If there's a single word to describe Jarad Greene's work, it's focused. From the very first time I met him at SPX years ago, it was clear that he had found his niche doing memoir-inflected young adult and middle- grade comics. While his comics have big supporting casts, the books revolve around his stand-in protagonists. This is especially true for his middle-grade comics A-Okay and his new one, A For Effort. In the former, Greene's Jay Violet character tries to come to terms with his severe acne and his dawning understanding that he's asexual. In the new book, Jay struggles with academic expectations and how a theater class is taking him out of his comfort zone.

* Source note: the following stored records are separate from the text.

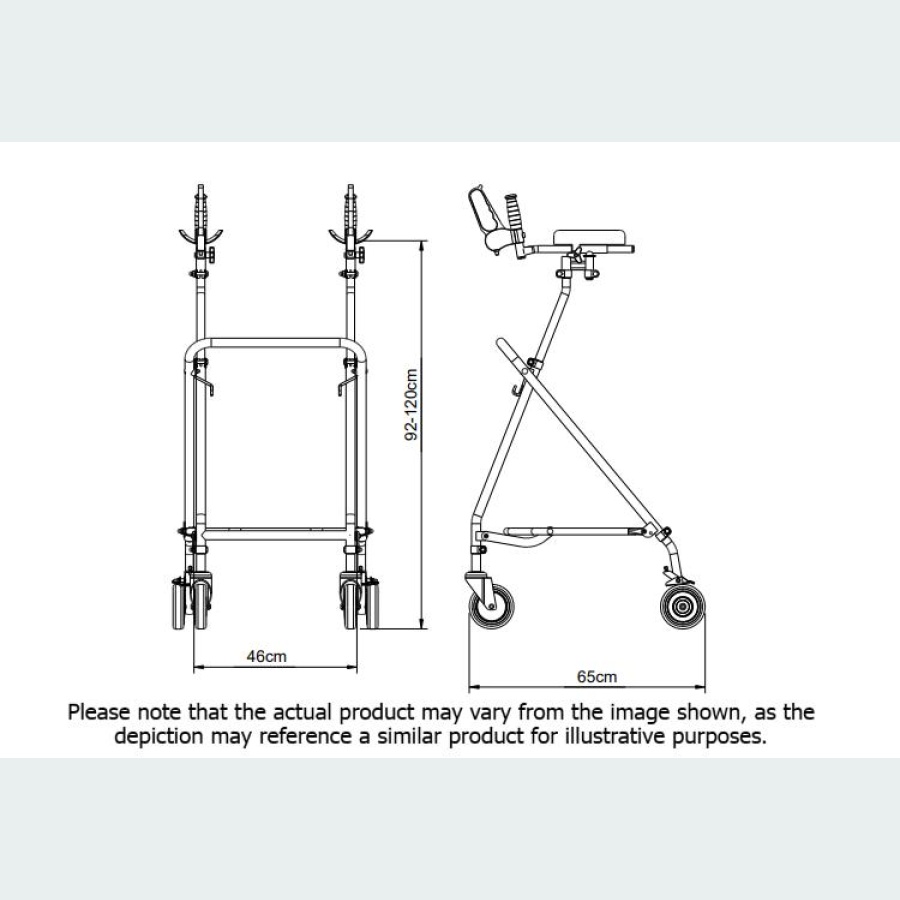Easy Folding Rehab Walker with Forearm Troughs & Brakes - 2 Castors / 2 Wheels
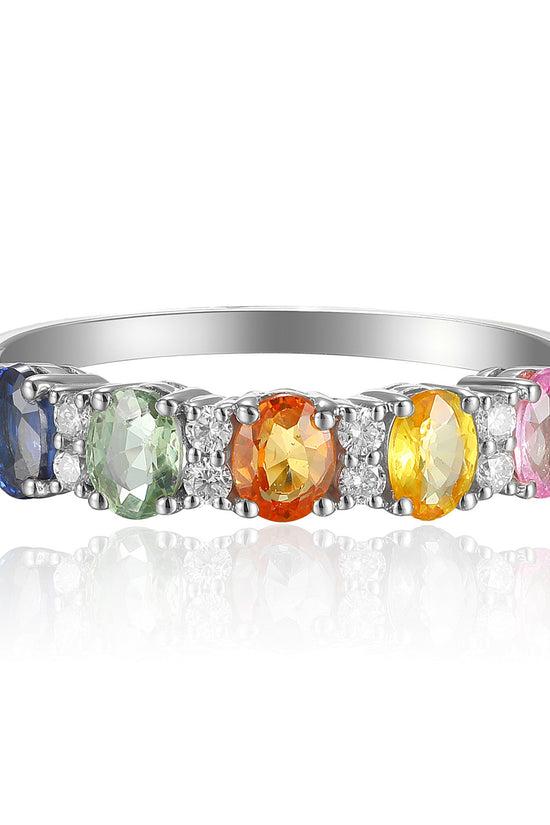 Claw Set Oval Cut Multi Colour Sapphire & Round Diamond Half Eternity Ring
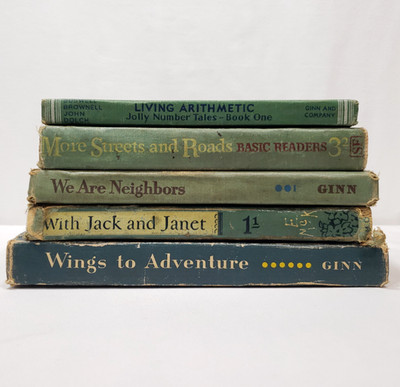 Vintage Schoolbooks Lot Of 5 Books Decorative Stack Old Shabby Library Staging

Once again, there's a big cast of characters for him to bounce off of, but no one else has any kind of well-developed character arc. This is meant as more of an observation than a criticism because most YA and MG books tend to focus on friendships and relationships more than anything else. For Jay, those are all secondary concerns. Where Greene excels is in providing both fine details regarding his protagonist's desires and a lot of colorful side details to accentuate the plot. In A For Effort, Greene builds the structure of the book around Jay's class schedule. Geometry and Biology are struggles, but it's being placed in a theater class that really flummoxed him--especially since he was looking for an easy "A."
Jay navigates new friends, like the studious Cepos and arts-oriented Frida and Marin, as well as the overachieving, handsome, and charming Paul. The hypercompetitive nature of the school, even for frosh, becomes more of a subplot than the focus of the narrative. While grades (especially with pressure from his parents) are a source of stress, the real story of the narrative is not just Jay discovering the joy of trying something new but not worrying about being great at it, it's also using this newfound confidence to assert his own agency with his parents and his friends. Visually, Greene's art straddles the line between typical MG art and something that's a bit cartoonier and more expressive. I wish it had been possible to do this in black & white because Greene's line is compelling enough on its own to not need color. Color in this book is fairly perfunctory, serving to add depth and weight to some pages (ala Raina Telgemeier) but not really doing much for the narrative itself or conveying emotion.
It's interesting that with his books having this individual focus, that some of Greene's recent mini-comics have gone in another direction. Everyday Friend is about the concept of having a "best friend" (which Greene says he's not sure he's ever had) vs. an "everyday friend" (a concept his sister told him about, where it's someone you see all the time). Greene notes he's had many of those, but that they also tend to fall by the wayside thanks to work or simply diverging paths. In Tunnel To Dreamland, Greene uses a fun fantasy backdrop to explore the tunnel vision he used to achieve his lifelong goal: being a cartoonist. That focus I saw when he was still at CCS served him well, making him one of the more significant success stories from the school with three books to his name at a young age. However, he candidly reveals that in so doing, he had to sacrifice human connection and love--"no person to share it all with." He concludes by saying (through a metaphor of coming out a tunnel into the sun) that things are shifting. I'll be curious to see how this changes his work in the future.